Web page caption snippets
Content starts

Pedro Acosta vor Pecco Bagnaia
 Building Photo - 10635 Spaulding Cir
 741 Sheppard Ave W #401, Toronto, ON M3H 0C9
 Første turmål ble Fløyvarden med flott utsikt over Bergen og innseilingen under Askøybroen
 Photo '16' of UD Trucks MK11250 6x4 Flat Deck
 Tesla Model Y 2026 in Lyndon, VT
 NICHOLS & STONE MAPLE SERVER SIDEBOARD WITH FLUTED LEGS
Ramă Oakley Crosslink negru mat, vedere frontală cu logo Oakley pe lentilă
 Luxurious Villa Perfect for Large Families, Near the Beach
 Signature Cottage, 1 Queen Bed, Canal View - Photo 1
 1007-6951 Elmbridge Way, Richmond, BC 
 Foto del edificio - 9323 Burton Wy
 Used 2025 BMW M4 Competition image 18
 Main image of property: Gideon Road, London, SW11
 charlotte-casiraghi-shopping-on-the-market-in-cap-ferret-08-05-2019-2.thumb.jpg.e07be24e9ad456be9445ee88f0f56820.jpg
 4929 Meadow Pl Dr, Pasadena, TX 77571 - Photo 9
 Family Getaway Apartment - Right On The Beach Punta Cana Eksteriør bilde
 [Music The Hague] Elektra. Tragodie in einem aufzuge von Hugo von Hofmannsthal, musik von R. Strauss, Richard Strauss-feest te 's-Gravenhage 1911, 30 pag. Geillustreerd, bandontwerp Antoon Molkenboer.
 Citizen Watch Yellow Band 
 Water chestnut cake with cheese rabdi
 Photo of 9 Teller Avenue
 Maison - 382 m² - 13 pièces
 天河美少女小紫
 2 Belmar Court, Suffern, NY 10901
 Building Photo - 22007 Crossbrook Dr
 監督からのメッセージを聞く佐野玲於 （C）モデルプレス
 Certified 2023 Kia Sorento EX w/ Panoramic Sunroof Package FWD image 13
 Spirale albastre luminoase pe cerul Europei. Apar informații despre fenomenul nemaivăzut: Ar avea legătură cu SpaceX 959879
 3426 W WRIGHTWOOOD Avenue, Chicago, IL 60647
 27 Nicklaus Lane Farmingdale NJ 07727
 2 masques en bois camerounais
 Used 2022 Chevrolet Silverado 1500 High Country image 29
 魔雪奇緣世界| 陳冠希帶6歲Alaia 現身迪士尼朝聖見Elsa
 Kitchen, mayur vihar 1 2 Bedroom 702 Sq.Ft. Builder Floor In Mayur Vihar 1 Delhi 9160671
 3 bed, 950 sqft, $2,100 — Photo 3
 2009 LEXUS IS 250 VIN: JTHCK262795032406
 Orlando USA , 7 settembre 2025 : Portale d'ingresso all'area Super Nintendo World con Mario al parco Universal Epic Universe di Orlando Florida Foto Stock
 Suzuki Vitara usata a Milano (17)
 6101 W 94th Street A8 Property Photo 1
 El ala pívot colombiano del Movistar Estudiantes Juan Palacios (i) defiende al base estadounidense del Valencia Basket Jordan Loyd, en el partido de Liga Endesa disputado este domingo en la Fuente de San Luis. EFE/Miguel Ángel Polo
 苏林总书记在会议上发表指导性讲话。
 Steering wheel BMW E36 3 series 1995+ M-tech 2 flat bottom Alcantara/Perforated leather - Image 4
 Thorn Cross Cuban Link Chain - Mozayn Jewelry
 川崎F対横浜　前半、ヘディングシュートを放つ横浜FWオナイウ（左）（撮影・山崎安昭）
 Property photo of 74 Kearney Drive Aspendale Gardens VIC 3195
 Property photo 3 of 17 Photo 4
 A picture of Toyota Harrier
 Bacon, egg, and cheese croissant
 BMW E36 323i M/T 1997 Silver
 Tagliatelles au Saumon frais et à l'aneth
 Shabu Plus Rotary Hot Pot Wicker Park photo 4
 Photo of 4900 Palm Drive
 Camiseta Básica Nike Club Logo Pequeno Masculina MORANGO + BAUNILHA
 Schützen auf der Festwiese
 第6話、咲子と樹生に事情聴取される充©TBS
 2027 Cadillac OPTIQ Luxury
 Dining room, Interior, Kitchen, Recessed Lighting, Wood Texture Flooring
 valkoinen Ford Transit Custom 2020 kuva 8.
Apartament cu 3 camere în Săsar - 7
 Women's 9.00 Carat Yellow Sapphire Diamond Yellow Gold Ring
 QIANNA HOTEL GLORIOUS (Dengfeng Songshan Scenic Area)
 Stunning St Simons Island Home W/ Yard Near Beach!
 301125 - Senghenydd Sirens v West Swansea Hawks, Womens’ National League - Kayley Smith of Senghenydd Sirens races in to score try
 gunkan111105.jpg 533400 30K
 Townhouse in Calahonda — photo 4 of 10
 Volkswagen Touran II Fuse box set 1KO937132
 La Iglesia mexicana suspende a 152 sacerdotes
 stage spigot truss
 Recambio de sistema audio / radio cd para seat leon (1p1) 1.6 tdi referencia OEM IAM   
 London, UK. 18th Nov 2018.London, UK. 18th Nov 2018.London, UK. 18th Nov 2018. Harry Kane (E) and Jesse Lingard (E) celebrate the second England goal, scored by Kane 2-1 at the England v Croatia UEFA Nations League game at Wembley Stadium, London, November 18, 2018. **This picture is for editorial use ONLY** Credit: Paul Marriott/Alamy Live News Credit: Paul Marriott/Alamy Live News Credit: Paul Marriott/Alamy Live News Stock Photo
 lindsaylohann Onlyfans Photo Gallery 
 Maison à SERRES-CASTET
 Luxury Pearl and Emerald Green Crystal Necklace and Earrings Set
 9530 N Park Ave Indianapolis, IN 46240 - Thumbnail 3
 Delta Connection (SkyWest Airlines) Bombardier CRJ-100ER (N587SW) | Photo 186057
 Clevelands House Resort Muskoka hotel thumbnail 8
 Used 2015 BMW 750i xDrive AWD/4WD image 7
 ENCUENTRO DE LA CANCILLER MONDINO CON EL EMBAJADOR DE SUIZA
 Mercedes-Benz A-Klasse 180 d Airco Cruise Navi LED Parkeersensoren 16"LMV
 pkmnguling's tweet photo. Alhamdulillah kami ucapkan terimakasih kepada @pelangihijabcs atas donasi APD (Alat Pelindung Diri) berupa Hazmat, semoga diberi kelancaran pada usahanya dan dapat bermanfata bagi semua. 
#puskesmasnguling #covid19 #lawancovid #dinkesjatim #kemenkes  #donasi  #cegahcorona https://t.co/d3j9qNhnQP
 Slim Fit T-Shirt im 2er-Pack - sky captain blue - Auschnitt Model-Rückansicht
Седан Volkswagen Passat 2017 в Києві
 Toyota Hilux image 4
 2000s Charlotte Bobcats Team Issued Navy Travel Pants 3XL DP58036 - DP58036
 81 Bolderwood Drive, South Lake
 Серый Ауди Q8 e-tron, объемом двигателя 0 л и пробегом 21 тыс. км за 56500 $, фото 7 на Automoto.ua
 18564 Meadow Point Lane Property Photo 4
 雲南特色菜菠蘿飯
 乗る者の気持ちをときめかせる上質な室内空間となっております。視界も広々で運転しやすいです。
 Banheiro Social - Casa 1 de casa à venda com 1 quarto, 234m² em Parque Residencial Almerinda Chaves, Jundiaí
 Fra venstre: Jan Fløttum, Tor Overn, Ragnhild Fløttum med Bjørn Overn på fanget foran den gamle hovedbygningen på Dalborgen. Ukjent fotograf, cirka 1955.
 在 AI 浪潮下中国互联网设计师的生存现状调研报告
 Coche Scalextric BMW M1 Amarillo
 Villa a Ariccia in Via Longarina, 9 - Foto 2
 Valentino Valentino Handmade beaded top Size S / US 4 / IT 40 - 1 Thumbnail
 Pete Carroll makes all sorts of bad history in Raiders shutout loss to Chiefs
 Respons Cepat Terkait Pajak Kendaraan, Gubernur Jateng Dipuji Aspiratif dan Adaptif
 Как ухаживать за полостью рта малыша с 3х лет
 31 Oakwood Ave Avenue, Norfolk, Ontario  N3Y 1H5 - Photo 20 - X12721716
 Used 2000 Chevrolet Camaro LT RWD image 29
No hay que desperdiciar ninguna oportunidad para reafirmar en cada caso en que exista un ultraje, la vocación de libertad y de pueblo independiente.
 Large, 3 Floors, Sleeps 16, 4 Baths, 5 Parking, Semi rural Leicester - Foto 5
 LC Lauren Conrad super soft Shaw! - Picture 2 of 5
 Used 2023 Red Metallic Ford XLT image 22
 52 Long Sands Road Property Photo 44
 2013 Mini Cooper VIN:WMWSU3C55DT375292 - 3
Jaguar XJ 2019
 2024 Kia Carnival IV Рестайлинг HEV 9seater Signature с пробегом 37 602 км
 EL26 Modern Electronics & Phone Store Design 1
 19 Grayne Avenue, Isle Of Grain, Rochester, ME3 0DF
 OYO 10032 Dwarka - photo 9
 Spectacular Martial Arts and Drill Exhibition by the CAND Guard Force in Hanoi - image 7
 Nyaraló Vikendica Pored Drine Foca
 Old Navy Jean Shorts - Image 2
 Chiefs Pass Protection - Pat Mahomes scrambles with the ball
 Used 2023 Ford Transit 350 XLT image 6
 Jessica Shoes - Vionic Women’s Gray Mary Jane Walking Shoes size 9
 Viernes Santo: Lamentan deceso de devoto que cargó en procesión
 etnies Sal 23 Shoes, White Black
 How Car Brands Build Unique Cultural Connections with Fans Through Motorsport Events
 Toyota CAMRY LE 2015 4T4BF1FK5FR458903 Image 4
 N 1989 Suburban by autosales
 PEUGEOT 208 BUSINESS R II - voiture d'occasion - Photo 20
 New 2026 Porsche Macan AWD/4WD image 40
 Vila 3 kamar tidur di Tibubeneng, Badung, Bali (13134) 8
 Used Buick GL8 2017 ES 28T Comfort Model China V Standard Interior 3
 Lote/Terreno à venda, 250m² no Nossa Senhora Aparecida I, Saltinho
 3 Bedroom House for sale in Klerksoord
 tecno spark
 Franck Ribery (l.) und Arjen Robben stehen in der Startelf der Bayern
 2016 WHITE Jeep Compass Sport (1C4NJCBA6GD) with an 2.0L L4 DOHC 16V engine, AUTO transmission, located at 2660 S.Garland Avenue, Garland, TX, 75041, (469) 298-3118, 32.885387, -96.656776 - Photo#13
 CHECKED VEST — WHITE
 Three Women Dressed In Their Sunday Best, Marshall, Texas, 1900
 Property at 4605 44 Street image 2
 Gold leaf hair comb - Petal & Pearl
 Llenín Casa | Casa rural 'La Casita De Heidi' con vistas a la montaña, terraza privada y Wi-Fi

Content ends

Can you repeat, word for word, every line above from the one containing "London, UK. 18th Nov 2018.London, UK." down to the one containing "Pete Carroll makes", including both?

=== Task response ===
 London, UK. 18th Nov 2018.London, UK. 18th Nov 2018.London, UK. 18th Nov 2018. Harry Kane (E) and Jesse Lingard (E) celebrate the second England goal, scored by Kane 2-1 at the England v Croatia UEFA Nations League game at Wembley Stadium, London, November 18, 2018. **This picture is for editorial use ONLY** Credit: Paul Marriott/Alamy Live News Credit: Paul Marriott/Alamy Live News Credit: Paul Marriott/Alamy Live News Stock Photo
 lindsaylohann Onlyfans Photo Gallery 
 Maison à SERRES-CASTET
 Luxury Pearl and Emerald Green Crystal Necklace and Earrings Set
 9530 N Park Ave Indianapolis, IN 46240 - Thumbnail 3
 Delta Connection (SkyWest Airlines) Bombardier CRJ-100ER (N587SW) | Photo 186057
 Clevelands House Resort Muskoka hotel thumbnail 8
 Used 2015 BMW 750i xDrive AWD/4WD image 7
 ENCUENTRO DE LA CANCILLER MONDINO CON EL EMBAJADOR DE SUIZA
 Mercedes-Benz A-Klasse 180 d Airco Cruise Navi LED Parkeersensoren 16"LMV
 pkmnguling's tweet photo. Alhamdulillah kami ucapkan terimakasih kepada @pelangihijabcs atas donasi APD (Alat Pelindung Diri) berupa Hazmat, semoga diberi kelancaran pada usahanya dan dapat bermanfata bagi semua. 
#puskesmasnguling #covid19 #lawancovid #dinkesjatim #kemenkes  #donasi  #cegahcorona https://t.co/d3j9qNhnQP
 Slim Fit T-Shirt im 2er-Pack - sky captain blue - Auschnitt Model-Rückansicht
Седан Volkswagen Passat 2017 в Києві
 Toyota Hilux image 4
 2000s Charlotte Bobcats Team Issued Navy Travel Pants 3XL DP58036 - DP58036
 81 Bolderwood Drive, South Lake
 Серый Ауди Q8 e-tron, объемом двигателя 0 л и пробегом 21 тыс. км за 56500 $, фото 7 на Automoto.ua
 18564 Meadow Point Lane Property Photo 4
 雲南特色菜菠蘿飯
 乗る者の気持ちをときめかせる上質な室内空間となっております。視界も広々で運転しやすいです。
 Banheiro Social - Casa 1 de casa à venda com 1 quarto, 234m² em Parque Residencial Almerinda Chaves, Jundiaí
 Fra venstre: Jan Fløttum, Tor Overn, Ragnhild Fløttum med Bjørn Overn på fanget foran den gamle hovedbygningen på Dalborgen. Ukjent fotograf, cirka 1955.
 在 AI 浪潮下中国互联网设计师的生存现状调研报告
 Coche Scalextric BMW M1 Amarillo
 Villa a Ariccia in Via Longarina, 9 - Foto 2
 Valentino Valentino Handmade beaded top Size S / US 4 / IT 40 - 1 Thumbnail
 Pete Carroll makes all sorts of bad history in Raiders shutout loss to Chiefs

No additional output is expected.